We lodged, last night, in the old English phrase, "at the sign of the Oak and Star." Wishing, not, indeed, like the ancient magicians, to gather magic berry and bud before sunrise, but at least to see these treasures of the lake in their morning hour, we camped last night on a little island, which one tall tree almost covers with its branches, while a dense undergrowth of young chestnuts and birches fills all the intervening space, touching the water all around the circular, shelving shore. Yesterday was hot, but the night was cool, and we kindled a gypsy fire of twigs, less for warmth than for society. The first gleam made the dark lonely islet into a cheering home, turned the protecting tree to a starlit roof, and the chestnut-sprays to illuminated walls. Lying beneath their shelter, every fresh flickering of the fire kindled the leaves into brightness and banished into dark interstices the lake and sky; then the fire died into embers, the leaves faded into solid darkness in their turn, and water and heavens showed light and close and near, until fresh twigs caught fire and the blaze came up again.
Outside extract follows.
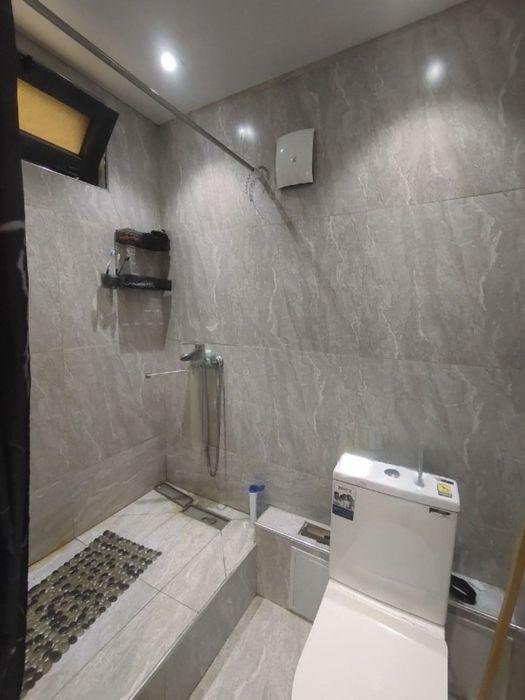 ЭКО базар. Ялангач . Буз 2Продаётся срочно 2  комнатная квартира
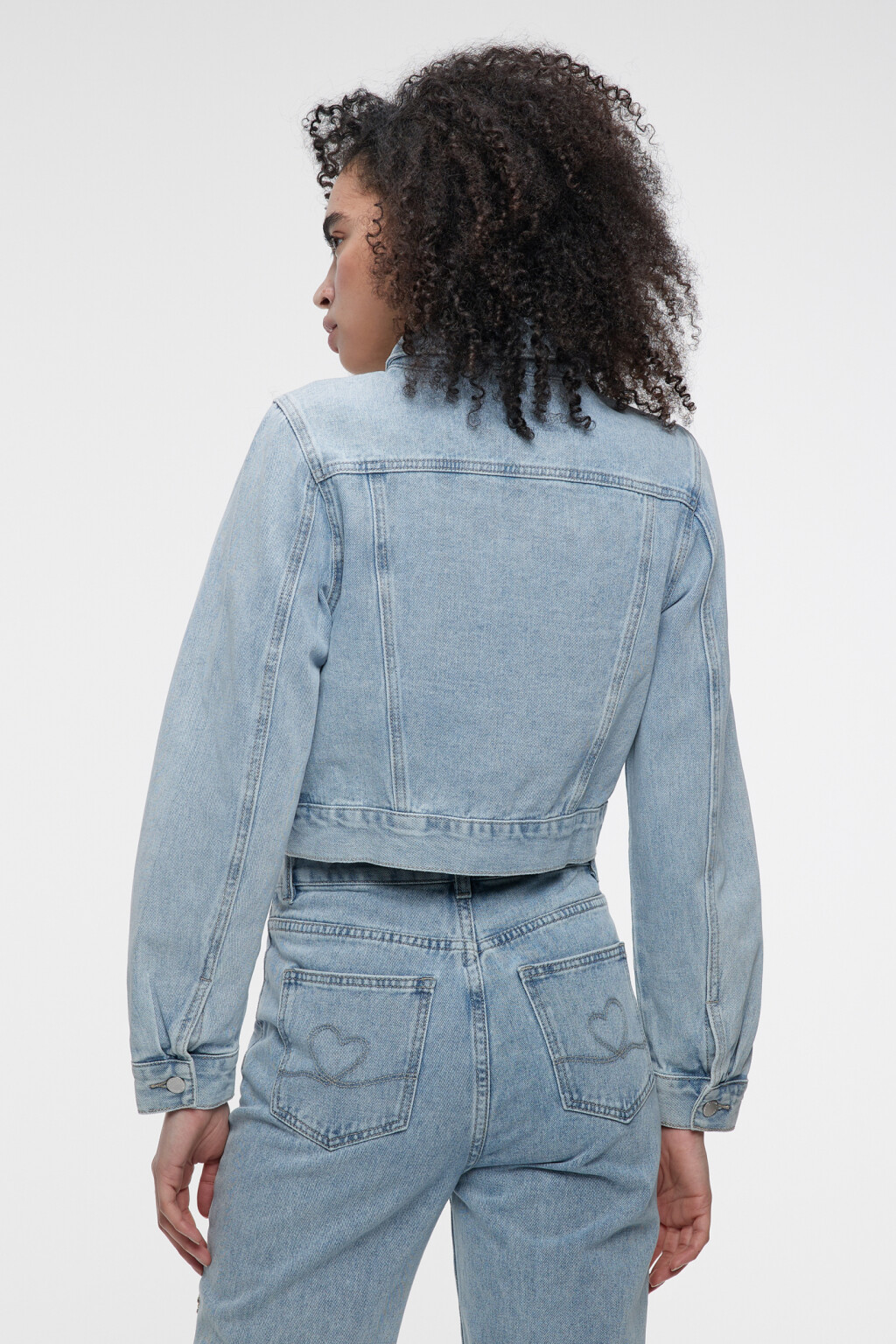 Куртка-джинсовка короткая с вырезами-сердцами и стразами - цвет голубой - 4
Rising to look forth, at intervals, during the night,—for it is the worst feature of a night out-doors, that sleeping seems such a waste of time,—we watched the hilly and wooded shores of the lake sink into gloom and glimmer into dawn again, amid the low plash of waters and the noises of the night.
Precisely at half-past three, a song-sparrow above our heads gave one liquid trill, so inexpressibly sudden and delicious, that it seemed to set to music every atom of freshness and fragrance that Nature held; then the spell was broken, and the whole shore and lake were vocal with song. Joining in this jubilee of morning, we were early in motion; bathing and breakfast, though they seemed indisputably in accordance with the instincts of the Universe, yet did not detain us long, and we were promptly on our way to Lily Pond. Will the reader join us?
It is one of those summer days when a veil of mist gradually burns away before the intense sunshine, and the sultry morning only plays at coolness, and that with its earliest visitors alone. But we are before the sunlight, though not before the sunrise, and can watch the pretty game of alternating mist and shine. Stray gleams of glory lend their trailing magnificence to the tops of chestnut-trees, floating vapors raise the outlines of the hills and make mystery of the wooded islands, and, as we glide through the placid water, we can sing, with the Chorus in the "Ion" of Euripides, "O immense and brilliant air, resound with our cries of joy!"
Almost every town has its Lily Pond, dear to boys and maidens, and partially equalizing, by its annual delights, the presence or absence of other geographical advantages. Ours is accessible from the larger lake only by taking the skiff over a narrow embankment, which protects our fairyland by its presence, and eight distant factories by its dam. Once beyond it, we are in a realm of dark Lethean water, utterly unlike the sunny depths of the main lake. Hither the water-lilies have retreated, to a domain of their own. Darker than these dark waves, there stand in their bosom hundreds of submerged trees, and dismasted roots still upright, spreading their vast, uncouth limbs like enormous spiders beneath the surface. They are remnants of border wars with the axe, vegetable Witheringtons, still fighting on their stumps, but gradually sinking into the soft ooze, and ready, perhaps, when a score of centuries has piled two more strata of similar remains in mud above them, to furnish foundations for a newer New Orleans; that city having been lately discovered to be thus supported.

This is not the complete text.